───── Available records ─────
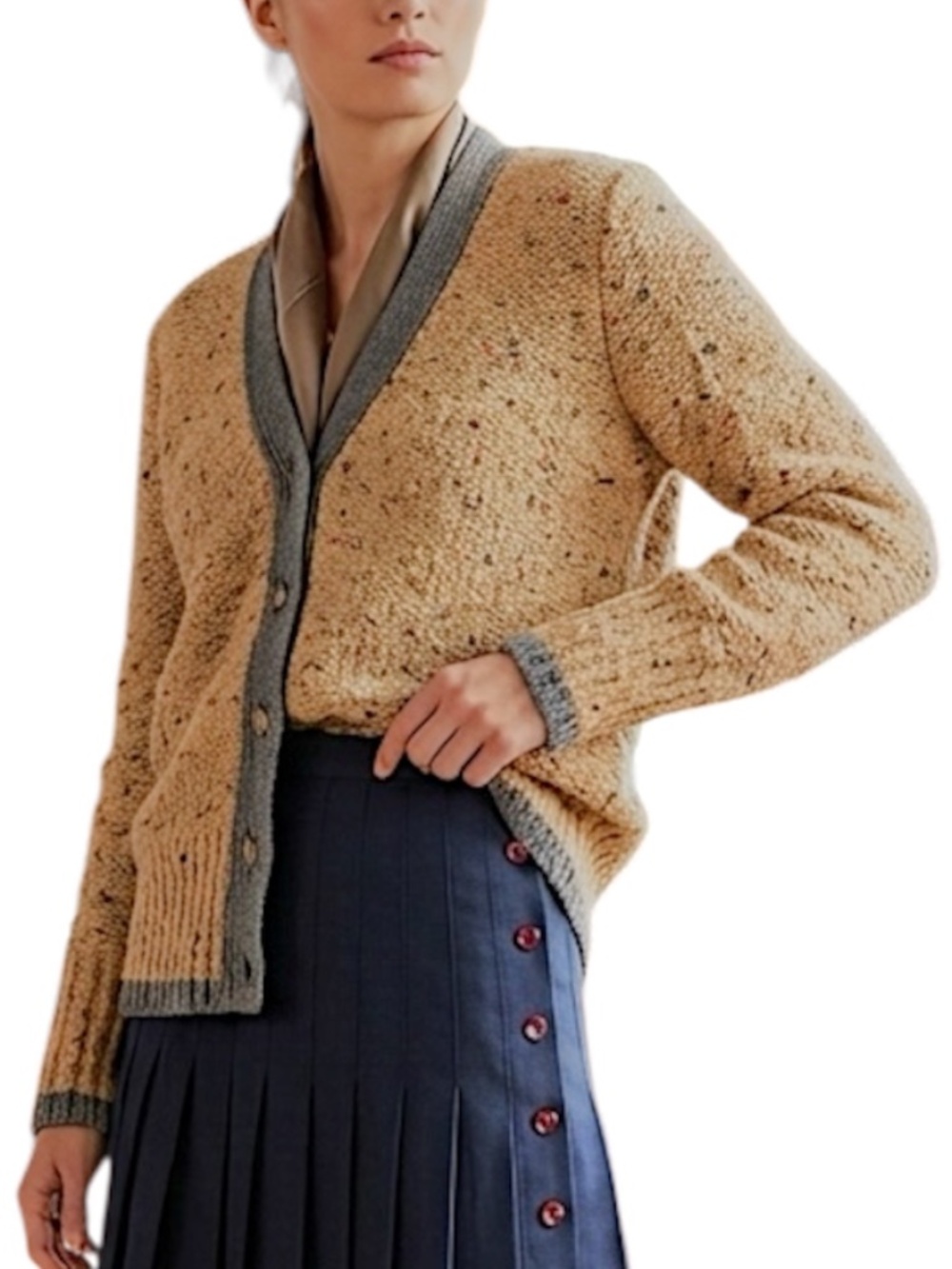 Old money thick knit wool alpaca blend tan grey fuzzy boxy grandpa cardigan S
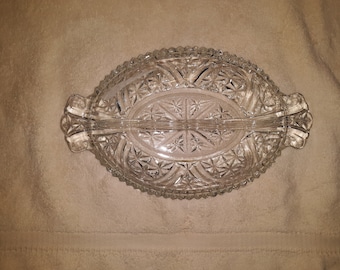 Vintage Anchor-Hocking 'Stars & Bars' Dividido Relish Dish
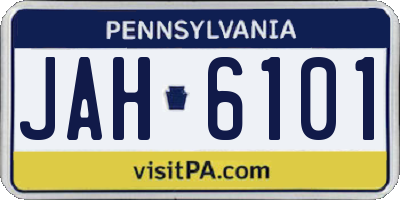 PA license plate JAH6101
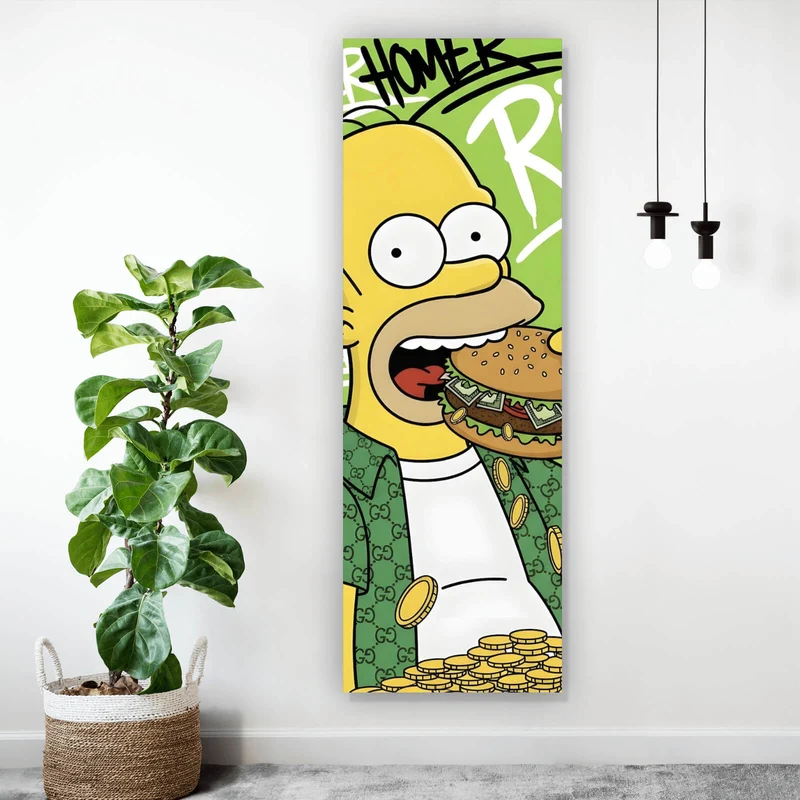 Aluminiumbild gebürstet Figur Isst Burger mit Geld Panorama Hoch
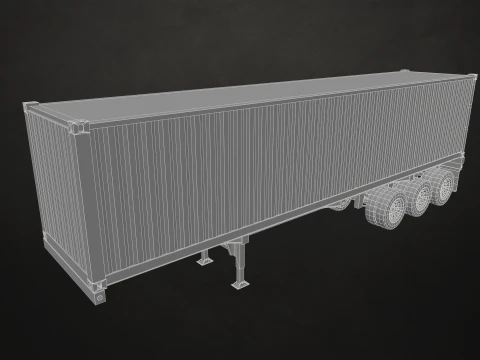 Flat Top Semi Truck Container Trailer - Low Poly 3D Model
─────
What you will do →
Make a word-for-word copy of the records above, excluding all pictures.

Answer →
 Old money thick knit wool alpaca blend tan grey fuzzy boxy grandpa cardigan S
 Vintage Anchor-Hocking 'Stars & Bars' Dividido Relish Dish
 PA license plate JAH6101
 Aluminiumbild gebürstet Figur Isst Burger mit Geld Panorama Hoch
 Flat Top Semi Truck Container Trailer - Low Poly 3D Model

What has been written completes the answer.